With new episodes available on South Korean TV channel ENA and Netflix every Wednesday and Thursday, “Extraordinary Attorney Woo,” which stars Park Eun-bin, Kang Tae-oh and Kang Ki-young, has captured the attention of South Korea and the world. The drama has risen to first place in South Korean media rankings as well as Netflix’s Top 10 Non-English Shows list.

Following the story of Woo Young-woo (Park Eun-bin), a rookie lawyer with autism spectrum disorder and an IQ of 164, “Extraordinary Attorney Woo” has risen to new heights in South Korea, surprising many with its popularity.
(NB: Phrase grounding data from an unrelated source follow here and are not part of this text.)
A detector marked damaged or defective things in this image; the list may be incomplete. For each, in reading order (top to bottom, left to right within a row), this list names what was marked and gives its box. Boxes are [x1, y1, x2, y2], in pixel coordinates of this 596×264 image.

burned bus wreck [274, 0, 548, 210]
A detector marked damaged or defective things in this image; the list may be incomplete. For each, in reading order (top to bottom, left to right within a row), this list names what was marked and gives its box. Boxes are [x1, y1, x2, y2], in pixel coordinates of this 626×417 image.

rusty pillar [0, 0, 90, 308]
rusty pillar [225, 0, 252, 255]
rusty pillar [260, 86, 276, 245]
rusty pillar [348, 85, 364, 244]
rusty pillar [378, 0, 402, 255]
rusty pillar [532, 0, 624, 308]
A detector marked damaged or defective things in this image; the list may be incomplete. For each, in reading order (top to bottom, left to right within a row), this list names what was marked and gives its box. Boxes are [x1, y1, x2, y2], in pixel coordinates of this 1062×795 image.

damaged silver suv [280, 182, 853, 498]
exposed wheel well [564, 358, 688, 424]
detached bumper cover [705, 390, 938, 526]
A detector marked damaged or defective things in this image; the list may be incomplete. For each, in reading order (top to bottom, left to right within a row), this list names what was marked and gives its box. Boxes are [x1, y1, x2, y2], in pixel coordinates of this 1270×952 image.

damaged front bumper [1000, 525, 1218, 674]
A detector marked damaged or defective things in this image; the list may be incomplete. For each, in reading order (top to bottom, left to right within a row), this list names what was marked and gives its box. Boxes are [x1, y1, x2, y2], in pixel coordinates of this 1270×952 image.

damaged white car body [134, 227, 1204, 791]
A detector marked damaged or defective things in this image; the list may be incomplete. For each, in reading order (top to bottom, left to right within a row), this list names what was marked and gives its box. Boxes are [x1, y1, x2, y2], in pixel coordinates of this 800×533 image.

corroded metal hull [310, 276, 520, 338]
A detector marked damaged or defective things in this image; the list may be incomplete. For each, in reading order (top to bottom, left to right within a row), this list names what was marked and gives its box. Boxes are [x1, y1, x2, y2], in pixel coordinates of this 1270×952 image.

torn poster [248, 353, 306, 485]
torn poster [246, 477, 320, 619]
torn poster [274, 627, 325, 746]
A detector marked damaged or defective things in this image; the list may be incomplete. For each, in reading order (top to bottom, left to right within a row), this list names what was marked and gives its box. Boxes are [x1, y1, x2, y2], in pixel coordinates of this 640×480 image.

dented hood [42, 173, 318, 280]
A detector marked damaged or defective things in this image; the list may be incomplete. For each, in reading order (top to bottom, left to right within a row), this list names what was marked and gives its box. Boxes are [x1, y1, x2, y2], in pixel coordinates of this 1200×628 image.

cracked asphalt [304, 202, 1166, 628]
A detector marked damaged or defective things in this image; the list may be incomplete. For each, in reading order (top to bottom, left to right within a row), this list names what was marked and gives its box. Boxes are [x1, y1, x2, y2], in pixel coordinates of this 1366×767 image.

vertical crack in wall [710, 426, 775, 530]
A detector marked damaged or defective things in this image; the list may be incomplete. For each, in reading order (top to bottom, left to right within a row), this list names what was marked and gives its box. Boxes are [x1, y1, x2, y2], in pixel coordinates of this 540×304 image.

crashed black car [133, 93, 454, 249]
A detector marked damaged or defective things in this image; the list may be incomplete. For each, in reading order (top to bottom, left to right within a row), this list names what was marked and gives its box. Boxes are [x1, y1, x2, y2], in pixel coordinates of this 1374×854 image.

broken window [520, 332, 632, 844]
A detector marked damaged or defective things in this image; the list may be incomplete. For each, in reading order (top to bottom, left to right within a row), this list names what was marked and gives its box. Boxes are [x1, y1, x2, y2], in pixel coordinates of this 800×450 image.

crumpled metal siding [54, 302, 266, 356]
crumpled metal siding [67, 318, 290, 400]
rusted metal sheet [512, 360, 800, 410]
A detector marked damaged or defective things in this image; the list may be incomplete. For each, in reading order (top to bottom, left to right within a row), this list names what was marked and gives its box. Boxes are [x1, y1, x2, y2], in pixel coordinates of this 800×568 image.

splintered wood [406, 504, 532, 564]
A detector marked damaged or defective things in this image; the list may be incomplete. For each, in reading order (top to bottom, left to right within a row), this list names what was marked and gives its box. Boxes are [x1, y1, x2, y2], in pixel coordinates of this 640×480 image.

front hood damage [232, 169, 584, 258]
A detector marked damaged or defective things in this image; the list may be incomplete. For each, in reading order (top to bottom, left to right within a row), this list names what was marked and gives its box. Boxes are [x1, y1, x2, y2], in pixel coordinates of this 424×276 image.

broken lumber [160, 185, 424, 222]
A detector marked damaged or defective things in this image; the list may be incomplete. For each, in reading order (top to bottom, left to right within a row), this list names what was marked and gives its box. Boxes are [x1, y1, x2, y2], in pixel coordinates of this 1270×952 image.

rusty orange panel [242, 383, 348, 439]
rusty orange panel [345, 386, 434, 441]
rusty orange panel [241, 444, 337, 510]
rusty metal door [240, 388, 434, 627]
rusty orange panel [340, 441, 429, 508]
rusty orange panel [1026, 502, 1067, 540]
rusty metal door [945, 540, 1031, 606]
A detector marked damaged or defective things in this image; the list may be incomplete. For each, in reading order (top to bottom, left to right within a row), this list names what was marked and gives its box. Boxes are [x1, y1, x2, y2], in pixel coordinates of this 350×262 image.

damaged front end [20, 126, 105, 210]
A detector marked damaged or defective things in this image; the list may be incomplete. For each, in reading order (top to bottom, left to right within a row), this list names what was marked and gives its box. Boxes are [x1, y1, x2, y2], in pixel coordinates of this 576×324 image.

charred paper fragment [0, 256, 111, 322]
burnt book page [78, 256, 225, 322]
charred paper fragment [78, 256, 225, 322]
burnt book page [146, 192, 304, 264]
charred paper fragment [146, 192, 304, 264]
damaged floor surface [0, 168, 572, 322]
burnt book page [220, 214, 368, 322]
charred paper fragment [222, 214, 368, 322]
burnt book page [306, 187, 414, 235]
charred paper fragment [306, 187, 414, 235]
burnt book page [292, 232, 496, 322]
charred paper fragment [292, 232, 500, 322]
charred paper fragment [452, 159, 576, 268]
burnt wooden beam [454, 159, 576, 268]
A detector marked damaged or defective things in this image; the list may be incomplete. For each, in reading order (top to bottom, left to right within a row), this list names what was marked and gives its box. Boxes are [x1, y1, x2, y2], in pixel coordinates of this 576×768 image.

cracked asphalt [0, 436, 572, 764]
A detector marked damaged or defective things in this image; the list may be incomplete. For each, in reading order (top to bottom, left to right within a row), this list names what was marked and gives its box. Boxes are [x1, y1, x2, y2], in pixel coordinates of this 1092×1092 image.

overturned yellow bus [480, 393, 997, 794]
The country, which is known for its collectivism and conservatism, is also known to heavily stigmatize those who do not conform to society. 

According to Jung Youn Park of Sungkyunkwan University, “the type of discrimination against persons with disabilities in South Korea [in the past] was seen mainly as being related to the physical environment and social systems.” Yet, with the emergence of anti-discrimination laws — such as the Act on the Prohibition of Discrimination Against Persons with Disabilities (Act No. 14839) — discrimination has still prevailed through microaggressions, which can be seen in “Extraordinary Attorney Woo.”

In addition to revealing how members of South Korean society contribute to the growing discrimination against people with disabilities, the legal drama also confronts religious pressures — specifically pointing to the Christian versus Buddhism debate — as well as same-sex love, domestic violence and oppressive hierarchical systems.

The impact of “Extraordinary Attorney Woo” can not only be seen in its rankings and high viewership, but also in the explosion of conversation throughout the streets of Seoul. While walking around clothing stores, sitting in subways or sipping coffee at cafes, “Woo Young-woo” or “the autistic lawyer” can be heard everywhere, becoming an echo that has spread throughout the city. 

Although many viewers speak positively about the show and its featured stories, voices drop to a whisper and eyes dart while using the terms “autistic,” “gay” or “disabled.” Further, several of these viewers have critiqued the drama as fantastical, with one user who commented on an article by The JoongAng writing that “even if a thousand years pass Korean culture will never change.”

Regardless, “Extraordinary Attorney Woo” is quickly becoming the top “healing drama” in South Korea and around the world, as indicated by its growing audience. As the legal drama continues to feature controversial topics and stories on such a large platform, its viewers are forced to confront prominent issues that are often turned away from due to their taboo nature. 

In an era where more and more areas of conversation are becoming controversial, “Extraordinary Attorney Woo” confronts not only the willful ignorance of individuals, but also the process in which we overcome hardships together as a community.